26.03.2019 - 20:22 Uhr
UrsensollenOberpfalz

Radweg steht und fällt mit Grunderwerb

Sollte der Landkreis den Radweg zwischen Ursensollen und Allersburg wirklich bauen, würde der auch den Schweppermann- mit dem Lauterachtal-Radweg verbinden. Doch es ist abzusehen, dass dieses Projekt einiges an Geld und Nerven kosten wird.

Die rote Linie zeigt den Verlauf der Kreisstraße AS 4, an der die straßenbegleitende Variante des Radwegs direkt entlangführt. Grau ist die Alternativroute, die bestehende Wirtschaftswege nutzt.
von Markus Müller Kontakt Profil

Als die Karte an der Wand des König-Ruprecht-Saals erscheint, pustet Kreisrat Peter Braun (CSU) erst einmal durch und stellt dann etwas ratlos die Frage: "Haben wir den Bau dieses Radwegs wirklich beschlossen?"

Es geht um den Radweg zwischen Ursensollen und Allersburg, der auch den Schweppermann-Radweg mit dem Lauterachtal-Radweg verbinden würde. Er führt durch ein schönes Stück Landkreis, ob er nun in einer Breite von 2,50 Meter straßenbegleitend direkt an der AS 4 verläuft oder etwas weiter abseits vorhandene Feld- und Waldwege nutzt, die auf 3,50 Meter ausgebaut werden, damit auch landwirtschaftliche Fahrzeuge darauf unterwegs sein können.

Die zweite Variante wäre etwas länger (12,2 gegenüber 10,5 Kilometern), aber dafür billiger, weil Grunderwerb nur bei einigen kleineren Teilflächen nötig ist, während das direkt an der Straße alle Flächen und sehr viele verschiedene Grundeigentümer betrifft.
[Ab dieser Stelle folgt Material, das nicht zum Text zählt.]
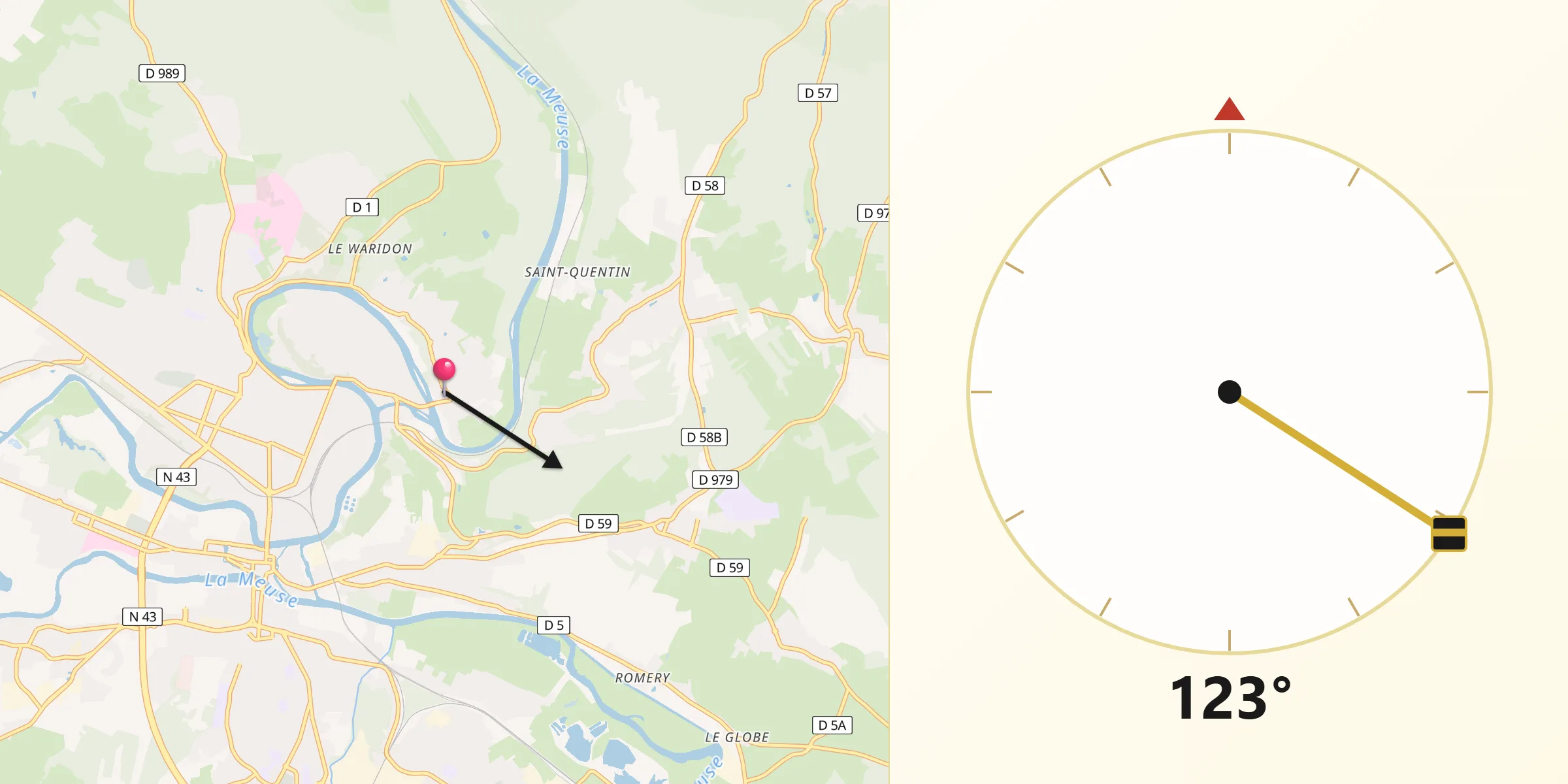 Direction vers la Qibla depuis Montcy-Notre-Dame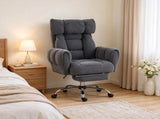 Reclining Cross Back Office Chair, Wide Seat Desk Chair with Flip-Up Armrests & Footrest, Dark Gray 26387151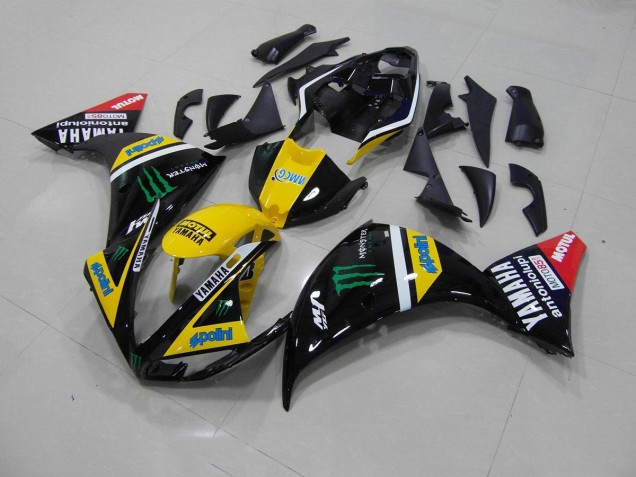 2009-2011 Yellow Black Monster Yamaha YZF R1 Motorcycle Fairing UK Stores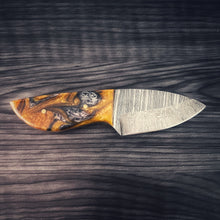 Load image into Gallery viewer, Hand-Forged Damascus Steel Skinner Knives – Blue Wood &amp; Orange Resin Editions
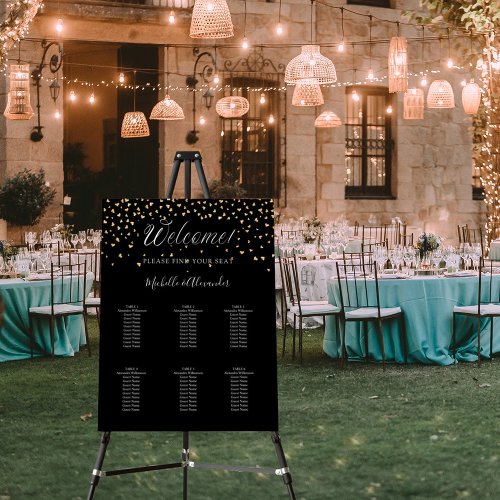 Black gold hearts modern wedding 6 seating chart foam board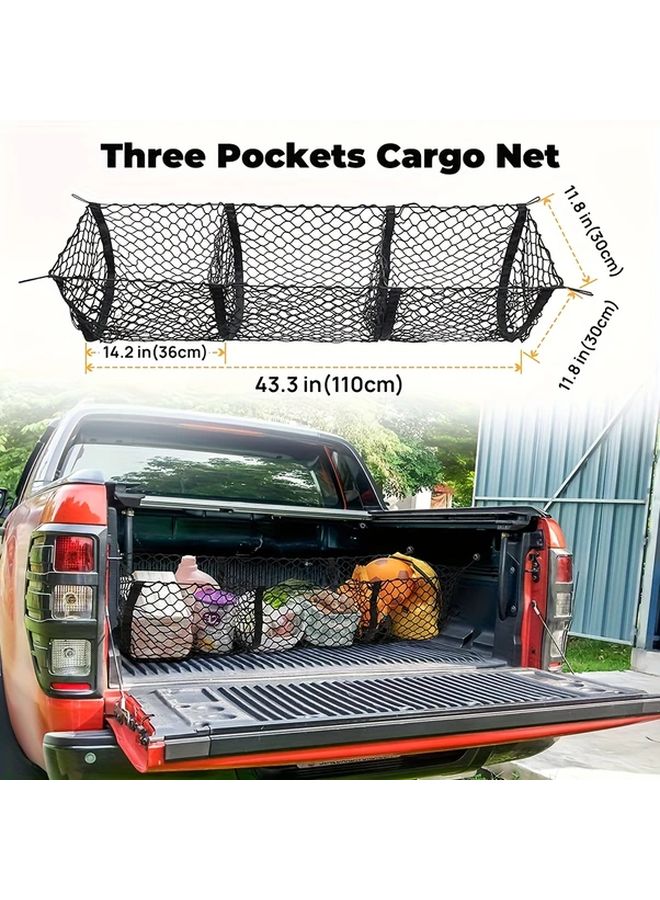 Black Heavy Duty Three Pocket Cargo Net Organizer Open Mesh SUV Truck Van - Image 2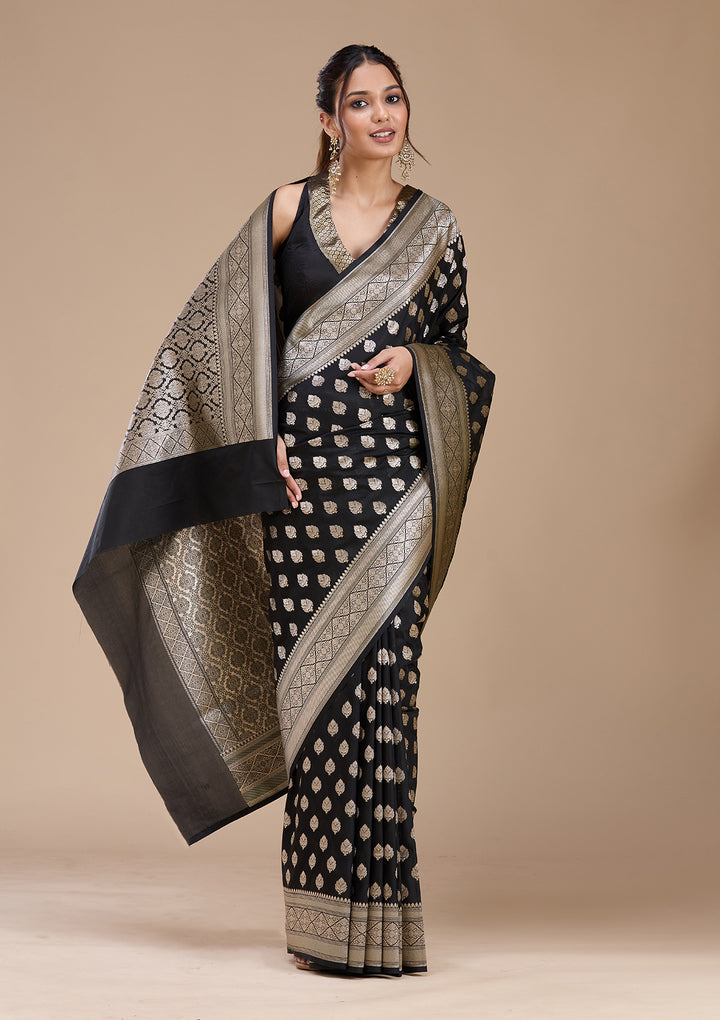Black Zariwork (Gold) Silk Saree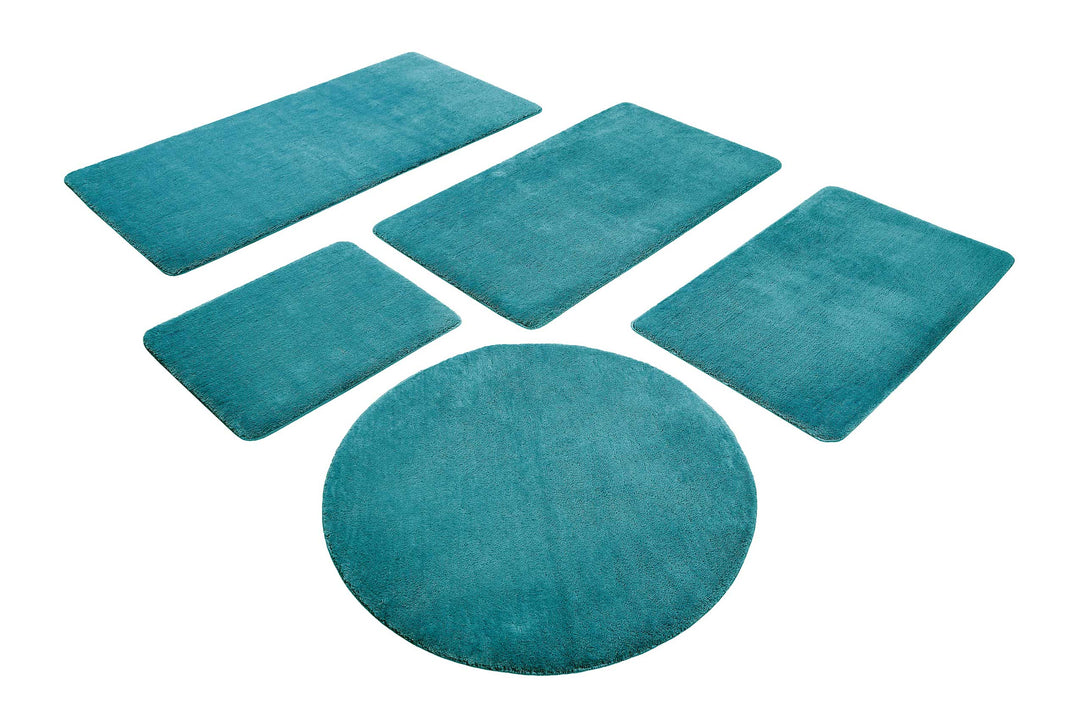 Joris Badteppich türkis Kurzflor rechteckig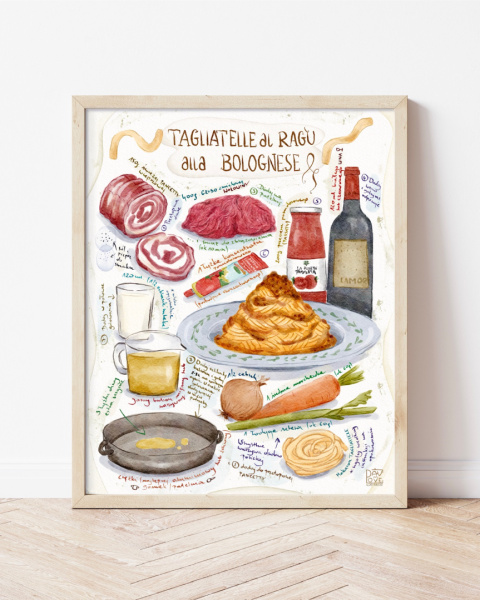 Plakat Tagliatelle al Ragu alla Bolognese - zdjęcie drugie w rozmiarze 20x25 Plakat Tagliatelle al Ragu alla Bolognese - zdjęcie drugie w rozmiarze 20x25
An reinen Baukosten haben Rainer Rubenbauer und Michael Hierl vom Amberger Büro UTA Ingenieure 4,2 Millionen Euro für die straßenbegleitende Version und 3,6 Millionen für die Strecke durch Feld und Wald errechnet. Wobei die höhere Summe (abzüglich der Förderung) der Landkreis als Baulastträger alleine schultern müsste. Bei der Trassenführung über die Wirtschaftswege werden für den einen Meter mehr an Breite sowie den erforderlichen stärkeren Aufbau für landwirtschaftliche Fahrzeuge die Gemeinden in die Pflicht genommen.

Das wissen die Mitglieder des Bauausschusses schon aus der Sitzungsvorlage. Zur Frage von Peter Braun bekommen sie Aufklärung von Landrat Richard Reisinger: Ja, der Bau wurde beschlossen, weil der Radweg schon in Planung war, als der Landkreis auf die Idee kam, seine künftigen Vorhaben dieser Art erst nach Wichtigkeit einzustufen, ehe er weitere Entscheidungen zur Umsetzung trifft. Einen "Teilerfolg" nennt Reisinger das und wendet sich dabei an das Dutzend Zuhörer, das mit dem stellvertretenden Ursensollener Bürgermeister Josef Schmaußer an der Spitze zur Sitzung gekommen ist - vor allem potenziell betroffene Grundstücksbesitzer.

Stefan Lindenberger (Grüne) favorisiert die Trasse durch die Natur ("ich bin eher für vorhandene Straßen"), zumal er auch von Tiefbauamtsleiter Matthias Kolb hören muss, dass für Blühflächen zwischen dem straßenbegleitenden Radweg und der AS 4 kaum Platz sein dürfte. Die beiden Ursensollener Kreisräte Albert Geitner (FW) und Michael Rischke (SPD) plädieren für einen Beginn der Strecke beim Schulzentrum der Gemeinde, also die straßenbegleitende Trasse, die der Landkreis zahlt. Hans Pickel (FWS/FDP) dagegen würde lieber die bestehenden Wirtschaftswege für den Radwegbau nutzen.

Zum Schluss muss keine Entscheidung gefällt werden, denn alle heißen Reisingers Vorschlag gut: Südlich von Zant gibt es für beide Trassenvarianten nur die Möglichkeit, an der AS 4 entlang zu laufen. Für diese 2,3 Kilometer sollen jetzt mit den betroffenen Grundstücksbesitzern - etwa 20 Stück - Gespräche geführt werden, ob sie überhaupt etwas abgeben würden. Sollten sich viele weigern, müsse man neu überlegen, "ob der Gesamt-Radweg überhaupt noch Sinn macht", so Reisinger.

Im Gespräch mit den Zuhörern erfuhr er nach der Sitzung, dass bei einigen keine große Neigung besteht, fünf Meter Grund direkt neben der AS 4 herzugeben.